One hardly knows where to begin rebutting such hogwash, but it might as well be at the beginning with that crack about the crazy uncle. This comes from the World’s Greatest Orator, who was going to end the era of partisan division and facilitate a serious discussion about the nature’s future. It also comes from the leader of a party that features a crazy and foul-mouthed Uncle Joe and a creepy face-lifted Aunt Nancy and a perverted Cousin Anthony who keeps sending pictures of his underwear-clas private parts over his cell phone and a First Mom who insists that everyone eat their vegetables while she wolfs down what the fancy chefs who’ve been flown have created and a cackling evil stepmother Hillary who seems next in line to lead our very dysfunctional national family, and we can’t share the audience’s satisfaction that everything has worked out so well since they’ve been “put in charge of stuff.”
Walker does a fine enough job defending his controversial policies in an op-ed article at Real Clear Politics, graciously headlined “Welcome to Wisconsin, Mr. President,” noting the significant economic gains that have lately occurred in his state in spite of the sluggish national economy. He didn’t anticipate the part about Minnesota, so for his benefit we’ll add that the high tax rates on job-creators cannot possibly explain the state’s job creations, the minimum wage increase is less than a year old and hasn’t yet pushed up overall wages and has almost certainly eliminated many minimum-wage jobs, the Medicaid expansion wouldn’t have been necessary if the Minnesota economy were as robust as he represents it, and probably was made more necessary by the many Minnesotans who lost the suddenly more-expensive health plans they liked and were promised they could keep but were relegated to Medicaid by Obamacare, there’s no proof that all-day kindergarten does children much good, somebody’s still paying those ever-increasing college costs that always go up further with the subsidies, and a more telling basis for comparison would be the relative improvement of the Wisconsin and Minnesota economies over the past few years.
Nor does the broader American economy seem to justify such arrogance. The labor participation rate is at a low unseen since Jimmy Carter’s presidency, wages remain stagnant, the Gross Domestic Product contracted the first quarter of this year and the most optimistic predictions having it growing at around 2 percent or a fraction over the full year, such meager advances have added more than $8 trillion to the national debt during the Obama presidency, and no one who isn’t within clapping distance of the presidents anticipates that happy days will soon be here again. We’re not heartened by the rest of the president’s great week, either. The Supreme Court ruled that the Obamacare law doesn’t say what it says on the written 2,000-plus, but that instead it means whatever five justice of the Supreme Court would prefer it said, and then on the big same-sex marriage decision it pretty much concluded the same thing about the Constitution, and whatever political benefits might redound to the president neither development is likely to do much good for the rule of law and Constitutional restraints on the federal government. A lot of Republicans and a few cowed Democrats also gave the president “fast track” authority to negotiate a top-secret free-trade deal with numerous Asian nations, and although we’re generally free traders we don’t like the top-secret and remain worried that it will allow him to pull some immigration and environmental shenanigans.

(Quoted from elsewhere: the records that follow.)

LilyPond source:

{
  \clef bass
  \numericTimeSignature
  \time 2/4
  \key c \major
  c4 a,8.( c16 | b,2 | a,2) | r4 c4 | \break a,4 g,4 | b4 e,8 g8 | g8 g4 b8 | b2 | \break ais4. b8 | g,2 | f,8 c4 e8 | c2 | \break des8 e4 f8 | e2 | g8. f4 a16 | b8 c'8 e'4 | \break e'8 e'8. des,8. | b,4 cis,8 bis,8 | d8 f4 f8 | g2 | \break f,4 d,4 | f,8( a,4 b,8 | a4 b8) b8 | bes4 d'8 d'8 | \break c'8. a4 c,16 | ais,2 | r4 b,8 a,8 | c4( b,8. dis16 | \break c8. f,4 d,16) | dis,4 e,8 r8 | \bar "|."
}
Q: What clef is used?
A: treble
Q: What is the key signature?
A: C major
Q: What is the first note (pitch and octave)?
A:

Most annoying, though, were his descriptions of capitalism and socialism. The natural rights of individuals to voluntarily trade and contract with another in a free market, an arrangement that has produced greater wealth and one more to advance civilization than any cockamamie bureaucratic regulatory scheme, is explained in terms of “taking as much as you can from your neighbor before they take as much as they can from you.” Any individual who has become self-sufficient by voluntarily trading and contract with another individual in a free market should be grievously offended by this, and we daresay their neighbors should be as well. But then again, we’re “not a bunch of individuals” in Obama’s America, we are a “family.” Obama is presumably the father, although regrettably not the absent sort of father figure he grew up without, and as that cheering throng of hipsters in LaCrosse would probably tell you, with all their progressive sophistication, father knows best.

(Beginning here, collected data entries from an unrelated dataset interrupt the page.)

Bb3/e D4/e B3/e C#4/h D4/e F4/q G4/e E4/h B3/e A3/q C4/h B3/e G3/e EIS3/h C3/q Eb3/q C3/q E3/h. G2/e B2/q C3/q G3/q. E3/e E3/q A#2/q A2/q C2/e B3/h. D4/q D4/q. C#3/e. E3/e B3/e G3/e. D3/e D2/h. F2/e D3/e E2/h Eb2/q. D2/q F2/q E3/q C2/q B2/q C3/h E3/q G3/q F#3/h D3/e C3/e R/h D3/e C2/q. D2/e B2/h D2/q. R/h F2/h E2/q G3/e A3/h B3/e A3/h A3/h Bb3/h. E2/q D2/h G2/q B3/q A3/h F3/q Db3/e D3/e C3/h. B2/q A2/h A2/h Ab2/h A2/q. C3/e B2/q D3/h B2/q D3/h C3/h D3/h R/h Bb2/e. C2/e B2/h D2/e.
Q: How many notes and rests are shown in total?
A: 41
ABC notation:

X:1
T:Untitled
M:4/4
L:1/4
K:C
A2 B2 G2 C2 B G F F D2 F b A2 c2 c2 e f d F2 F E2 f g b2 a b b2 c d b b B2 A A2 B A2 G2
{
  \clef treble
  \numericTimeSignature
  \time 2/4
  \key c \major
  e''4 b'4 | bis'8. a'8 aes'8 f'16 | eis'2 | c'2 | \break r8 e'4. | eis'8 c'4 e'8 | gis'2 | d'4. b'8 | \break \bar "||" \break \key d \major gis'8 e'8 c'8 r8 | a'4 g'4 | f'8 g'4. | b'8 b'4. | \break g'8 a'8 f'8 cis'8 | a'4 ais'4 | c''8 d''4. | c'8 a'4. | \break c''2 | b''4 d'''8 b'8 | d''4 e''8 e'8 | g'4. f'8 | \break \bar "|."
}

On second thought, the very most annoying part of Obama’s speech was that line about how the unregulated avarice of that ruthless capitalist system that leaves everyone to fend for themselves was the cause of the ’08 financial crisis. The lie is so oft-repeated that it goes almost unnoticed and almost entirely unquestioned, but the pesky fact remains that it wasn’t caused by lack of regulations that prevented greedy bankers from making home loans to people who clearly could never repay them, but rather because of presumably well-intentioned government interventions in the free market, which encouraged and cajoled and eventually coerced the bankers to make those loans in the cause of affordable housing and civil rights and fairness and all sorts of focus-group tested themes. Obama surely knows this, as he did pro bono work for some subprime borrowers that forced Citibank to write them mortgage, and was a member of the Congressional Black Caucus was it was screaming racism at the regulatory “watchdogs” who were warning of the coming collapse and successfully resisting George W. Bush’s efforts to stop it, and he surely knows that as a result of his efforts housing became less affordable and black Americans wound up disproportionately poorer, as they remain today, and that in the end it was disastrously unfair to all the more credit-worthy homeowners and their creditors as well as just about everyone else.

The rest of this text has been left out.